I do not know what I missed or went wrong. Your help is highly appreciated.
I am not sure if your model formula will lead to a unique solution, but in general you can find MLE with optim function
Here is a simple example for linear regression with optim:
fn <- function(beta, x, y) {
a = beta[1]
b = beta[2]
sum( (y - (a + b * log(x)))^2 )
}
# generate some data for testing
x = 1:100
# a = 10, b = 3.5
y = 10 + 3.5 * log(x)
optim(c(0,0,0),fn,x=x,y=y,method="BFGS")
you can change the function "fn" to reflect your model formula e.g.
sum( (y - (YOUR MODEL FORMULA) )^2 )
EDIT
I am just giving a simple example of using optim in case you have a custom model formula to optimize.

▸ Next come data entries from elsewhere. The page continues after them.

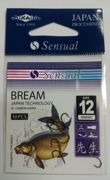 Крючки Sensual Bream HS9307-12BN, №12 (10 шт./уп.) MIKADO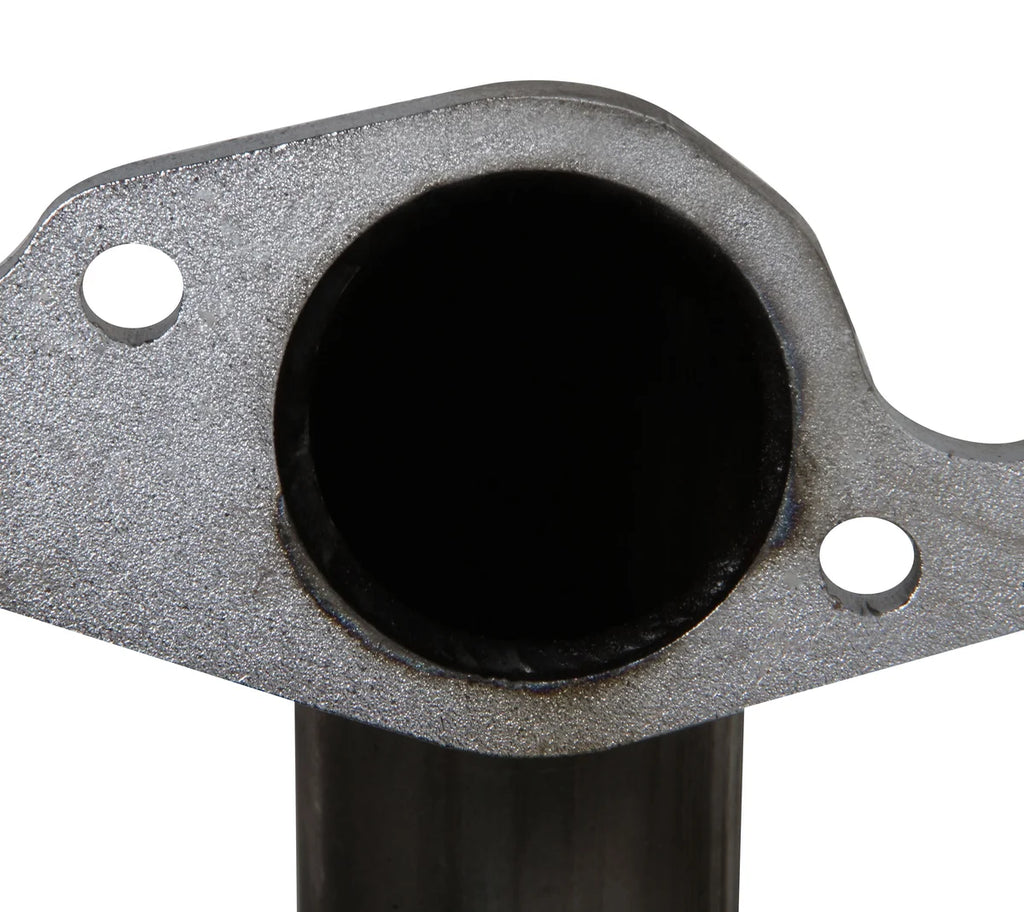 FlowTechBig Block Chevy 2-1/4" Upright Headers with 4" Collector- Natural Finish11551FLT - Additional View 5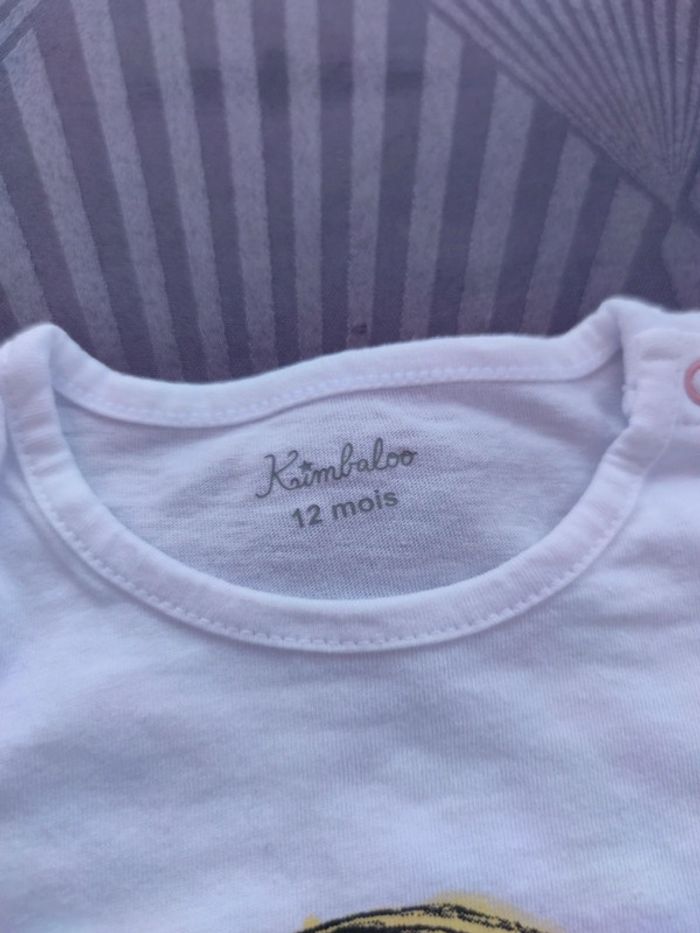 Tee shirt Blanc - photo numéro 3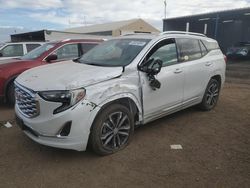 Salvage cars for sale from Copart Brighton, CO: 2020 GMC Terrain Denali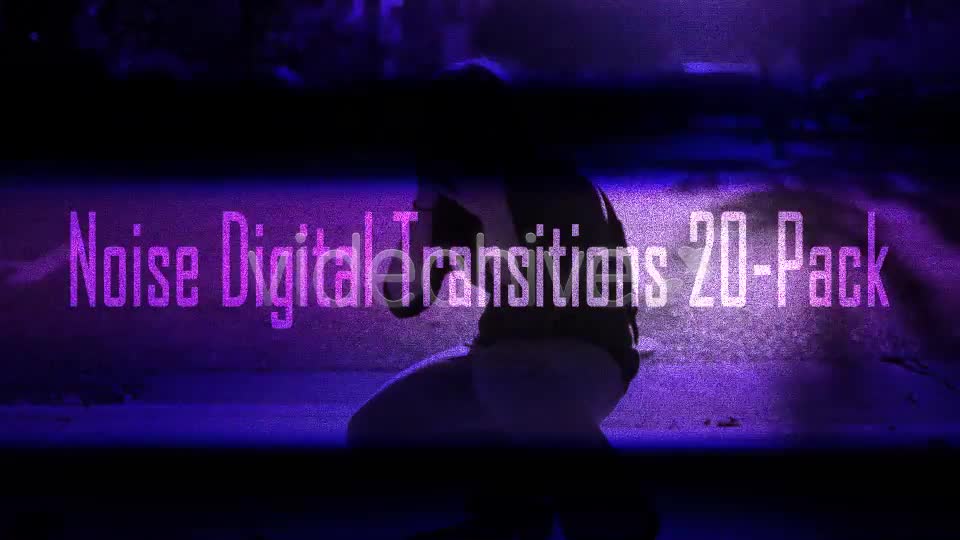 Noise Digital Transitions (20 Pack) Videohive 4527160 Motion Graphics Image 1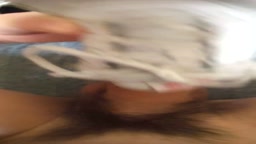 同級生の上靴にぶっかけ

I did not mean using it from simple linear regression, since lm will be sufficient.
I was a bit surprised that iTech used optim for what is a problem that is linear in its parameters. With his data for x and y:
> lm(y ~ log(x) )
Call:
lm(formula = y ~ log(x))
Coefficients:
(Intercept) log(x)
10.0 3.5
For linear problems, the least squares solution is the ML solution.